Always start with ATK—it handles config, auth, and deployment so you don’t have to.


So… Which Tool Should You Use?

Your GoalRecommended Path
Enterprise agent for Teams + Copilot + WebM365 Agents SDK + ATK (C#, Python, or Node.js)
Specialized Bot requiring deep Teams APIsTeams SDK + ATK (Best for single-channel, deep integration)
Advanced multi-agent reasoningMAF in C# or Python, optionally wrapped in M365 Agents SDK
Node.js team needing MAF logicBuild hybrid system: Node.js (M365 SDK) + C#/Python microservice (MAF)
Deep Azure AI Studio integrationExplore Azure AI Foundry (verify GA status first)
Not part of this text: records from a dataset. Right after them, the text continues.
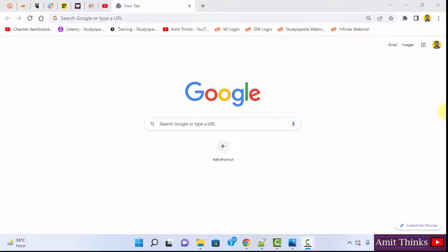Hello guys, welcome to AmitThings. In this video we will see how we can easily download Kali Linux ISO file.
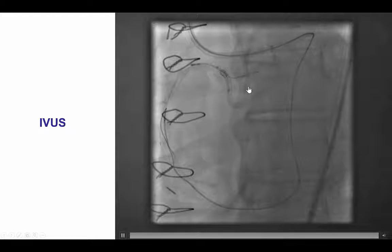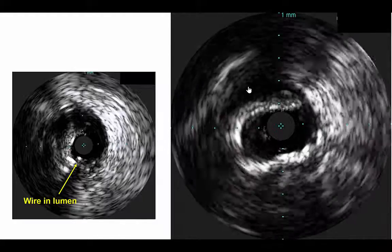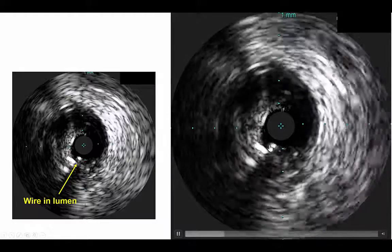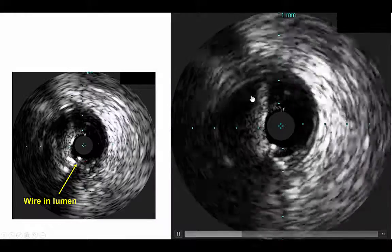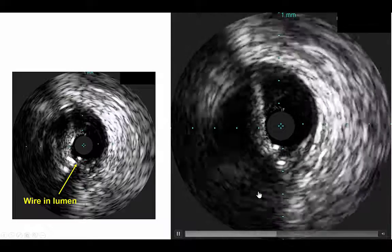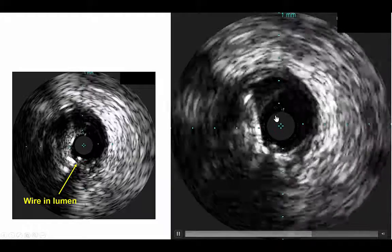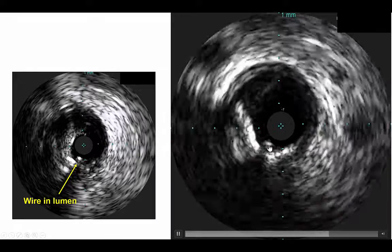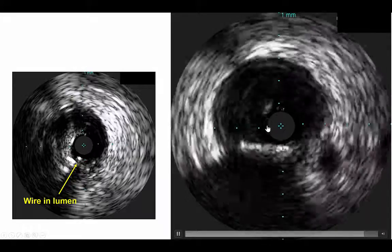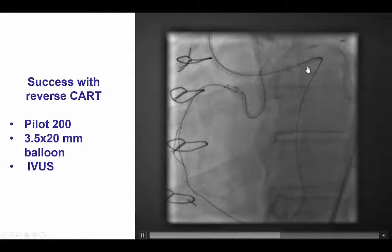However, we were not sure whether the retrograde wire was into the aorta or in the wall of the aorta. We therefore performed intravascular ultrasound, which demonstrated that the retrograde wire was indeed in the proximal true lumen. We know this is the retrograde wire because of the shadow of the ultrasound beam behind the wire, and this wire is in the proximal true lumen, all the way up into the proximal RCA, and then exits into the aorta.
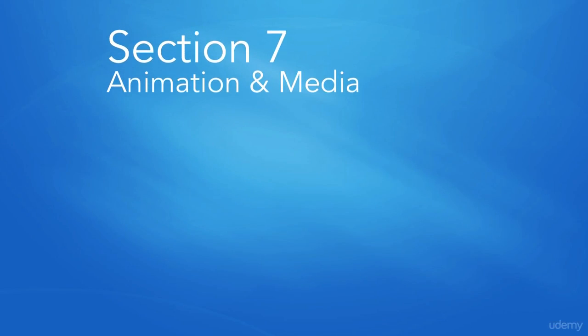Congratulations and welcome back. You being here means that you've completed the previous section. Before we begin, let's take a look at the objectives and activities we'll be covering in this next section.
Final Advice: Future-Proof Your Development

  1. Never start a new project with Bot Framework SDK—it’s deprecated.
  2. Use atk create to scaffold every new agent—it enforces best practices.
  3. In C#/Python: combine MAF + M365 Agents SDK in one project—it’s simpler and fully supported unless you have specific scaling needs.
  4. In Node.js: design for hybrid from day one—MAF won’t run in your codebase.

Microsoft’s AI stack is now more coherent than ever—once you understand the layers. The confusion comes from legacy names still floating around. With this guide, you’re equipped to cut through it and build agents the 2025 way.